就在我不煉法輪功以後,有一天晚上,我剛要睡覺,就見一位穿著古銅色衣服的人來到我跟前,無可奈何的看著我,我剛想問他是誰?怎麼進來的?就見那個人退到門口就不見了。我趕忙叫醒丈夫,和他說這事,他硬說我做夢,可我根本就沒睡,怎能做夢?
直到後來有一天我去煉功點,正好電視在放師父講法錄像,我知道那是師父在講法,當時在電視上我看見了那是去我家的那個人,我喊道:這個人去過我家,同修們都愣住了,這怎麼可能?!我把那天晚上的事和大家說了,同修都勸我繼續煉功,說我和大法有緣,師父不忍心放棄我,師父法身去叫我學法煉功。我雖然親眼所見還是不相信自己,也許是做夢吧,就這樣我又耽誤了好幾年。
二零零五年春的一天,我領著孫女出去玩兒,路過學法點,她非要進屋,我怕她打擾大家學法,她先跑進去了,我只好跟著她。大家在學法,也讓我聽聽,這回我真聽明白了。我當時個人理解師父的法就是,要走哪條路是自己的選擇,這不是師父原話,我理解的大體是這個意思。

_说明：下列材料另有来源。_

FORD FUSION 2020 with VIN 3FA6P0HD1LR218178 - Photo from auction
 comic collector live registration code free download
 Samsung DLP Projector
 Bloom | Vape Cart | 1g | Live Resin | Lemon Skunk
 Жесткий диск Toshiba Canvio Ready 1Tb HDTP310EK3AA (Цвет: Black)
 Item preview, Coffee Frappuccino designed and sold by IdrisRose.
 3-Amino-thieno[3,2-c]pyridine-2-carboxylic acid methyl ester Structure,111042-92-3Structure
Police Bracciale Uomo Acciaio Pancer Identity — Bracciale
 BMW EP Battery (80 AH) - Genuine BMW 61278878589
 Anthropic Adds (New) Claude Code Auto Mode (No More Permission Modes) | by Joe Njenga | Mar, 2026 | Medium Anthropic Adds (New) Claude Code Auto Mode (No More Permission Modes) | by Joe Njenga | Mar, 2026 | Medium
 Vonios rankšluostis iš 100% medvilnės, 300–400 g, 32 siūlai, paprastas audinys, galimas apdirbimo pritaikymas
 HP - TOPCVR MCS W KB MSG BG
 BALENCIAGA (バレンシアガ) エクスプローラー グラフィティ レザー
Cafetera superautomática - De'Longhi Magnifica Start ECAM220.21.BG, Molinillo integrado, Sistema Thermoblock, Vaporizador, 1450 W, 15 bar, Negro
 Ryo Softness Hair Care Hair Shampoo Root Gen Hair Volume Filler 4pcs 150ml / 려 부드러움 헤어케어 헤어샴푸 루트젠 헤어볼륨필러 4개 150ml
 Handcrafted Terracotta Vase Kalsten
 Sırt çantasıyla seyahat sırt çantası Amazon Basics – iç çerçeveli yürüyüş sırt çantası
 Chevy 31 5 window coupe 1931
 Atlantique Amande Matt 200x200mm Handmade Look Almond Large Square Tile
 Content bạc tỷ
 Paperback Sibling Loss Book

當時我就想,對呀,我怎麼從來就不選擇,這些年我都幹了一些甚麼?把自己弄的一身病還累的夠嗆,這回也要選擇怎麼生活。想來想去只能選擇大法,因為身體不好,幹甚麼也沒本事了。於是我在心裏想,師父能不能要我這個弟子了?就這樣一想,全身的關節都在轉,我小聲問旁邊的同修,這是怎麼回事?他衝我一笑沒說話。我想如果是法輪轉,應該有正轉有反轉,這怎麼就一順轉呢?這一想可不要緊,開始正轉,反轉,反轉,正轉。把頭髮都轉的立起來了,好像要起空,控制不住自己只想笑。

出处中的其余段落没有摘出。